**EXERCISE INSTRUCTIONS:**
Any picture in the range stays out of the copy; retype exactly the lines from the one with "Everything you need" to the end of the listing.

**MATERIAL FOR THIS EXERCISE:**
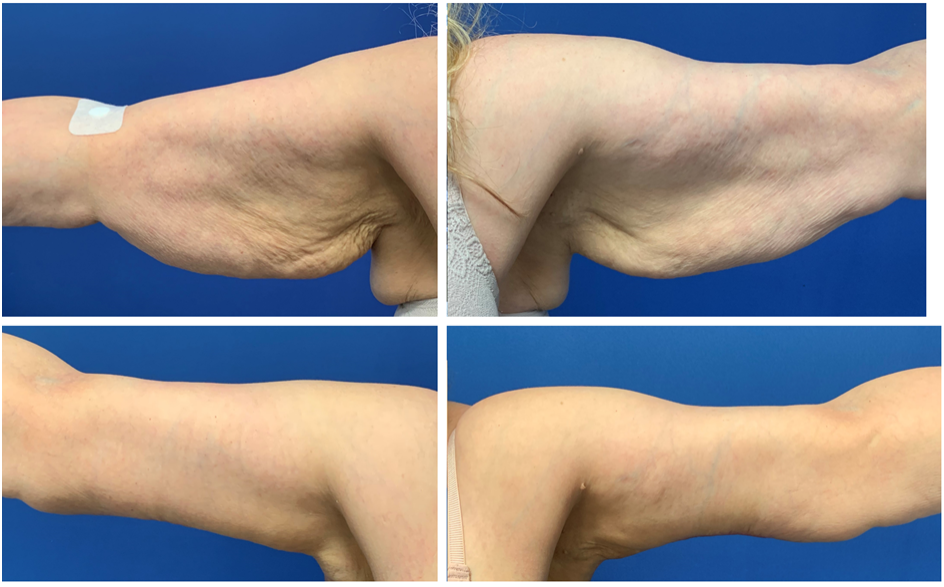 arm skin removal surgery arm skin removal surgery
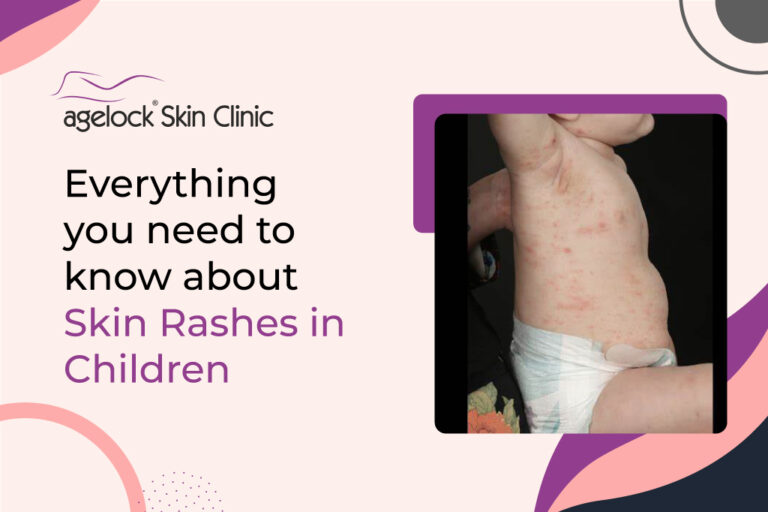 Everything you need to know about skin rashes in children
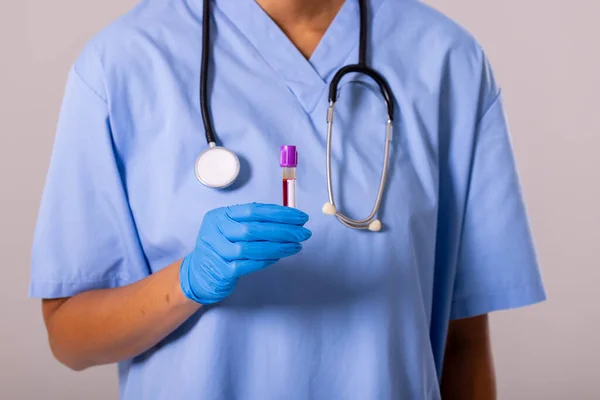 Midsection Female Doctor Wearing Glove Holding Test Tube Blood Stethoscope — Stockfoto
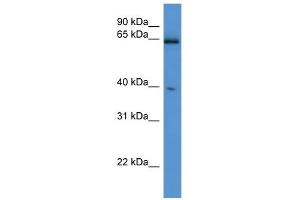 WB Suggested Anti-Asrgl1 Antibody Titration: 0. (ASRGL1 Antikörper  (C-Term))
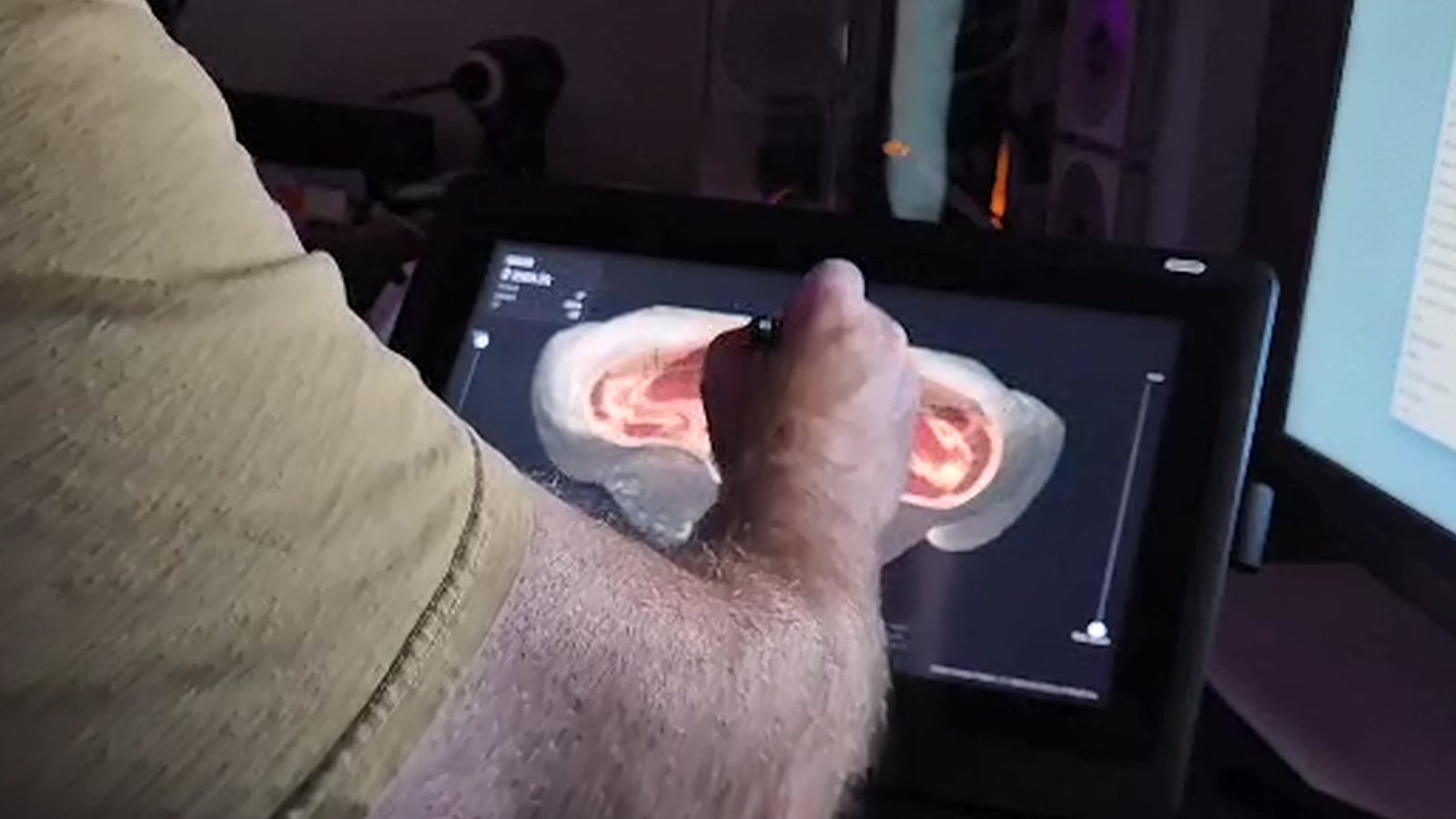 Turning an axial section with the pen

**ANSWER TO THIS PROBLEM:**
 Everything you need to know about skin rashes in children
 Midsection Female Doctor Wearing Glove Holding Test Tube Blood Stethoscope — Stockfoto
 WB Suggested Anti-Asrgl1 Antibody Titration: 0. (ASRGL1 Antikörper  (C-Term))
 Turning an axial section with the pen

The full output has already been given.